Earlier I mentioned catching Redfish and Speckled Trout on the grass beds. September and October are known for great fishing for these species. Red fish can be caught using live bull minnows or live shrimp and fishing the bottom at the edge of the grass. Speckled Trout are hutting yazuri plugs. I prefer a blue and silver or a black and silver. Cast out into the grass bed and work the bait back to you.
So, the weather is great for fishing in September and the fishing is good so let's get out there and have a great time.
Blackened Redfish Paul Prudhomme Style Yield: 6 Servings
6 Each 8-10oz redfish fillets
3/4 Pound Unsalted butter, -melted
SEASONING MIX
1 Tablespoon Sweet paprika
2 1/2 Teaspoons Salt
1 Teaspoon Onion powder
1 Teaspoon Garlic powder
1 Teaspoon Ground cayenne-pepper
3/4 Teaspoon Ground white pepper
3/4 Teaspoon Ground black pepper
1/2 Teaspoon Dried thyme leaves
1/2 Teaspoon Dried oregano-leaves
NOTE: Fish fillets (preferably Redfish, Pompano or Tilefish) cut about 1/2 inch thick. Redfish and pompano are ideal for this method of cooking. If Tilefish is used, you may have to split the fillets in half horizontally to have proper thickness. If you can't get any of these fish, Salmon steaks or Red Snapper fillets can be substituted. In any case, the fillets or steaks must not be more than 3/4 inch thick.
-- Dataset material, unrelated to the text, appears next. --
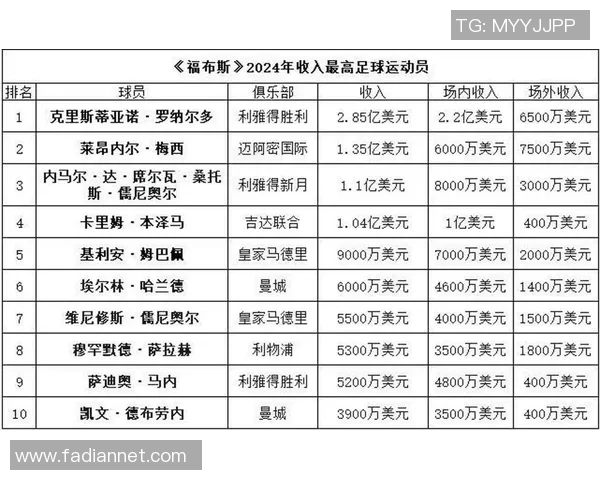 全球顶级足球明星身世揭秘与排名分析榜单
Heat a large cast-iron skillet over very high heat until it is beyond the smoking stage and you see white ash in the skillet bottom (the skillet cannot be too hot for this dish), at least 10 minutes. (FT - this recipe is *NOT* for the faint of heart) Meanwhile, pour 2 Tablespoons melted butter in each of 6 small ramekins; set aside and keep warm. Reserve the remaining butter in its skillet. Heat the serving plates in a 250F oven.
Thoroughly combine the seasoning mix ingredients in a small bowl. Dip each fillet in the reserved melted butter so that both sides are well coated; then sprinkle seasoning mix generously and evenly on both sides of the fillets, patting by hand. Place in the hot skillet and pour 1 teaspoon melted butter on top of each fillet (be careful, as the butter may flame up). Cook, uncovered, over the same high heat until the underside looks charred, about 2 minutes (the time will vary according to the fillet's thickness and the heat of the skillet).
Turn the fish over and again pour 1 teaspoon butter on top; cook until fish is done, about 2 minutes more. Repeat with remaining fillets. Serve each fillet while piping hot. To serve, place one fillet and a ramekin of butter on each heated serving plate.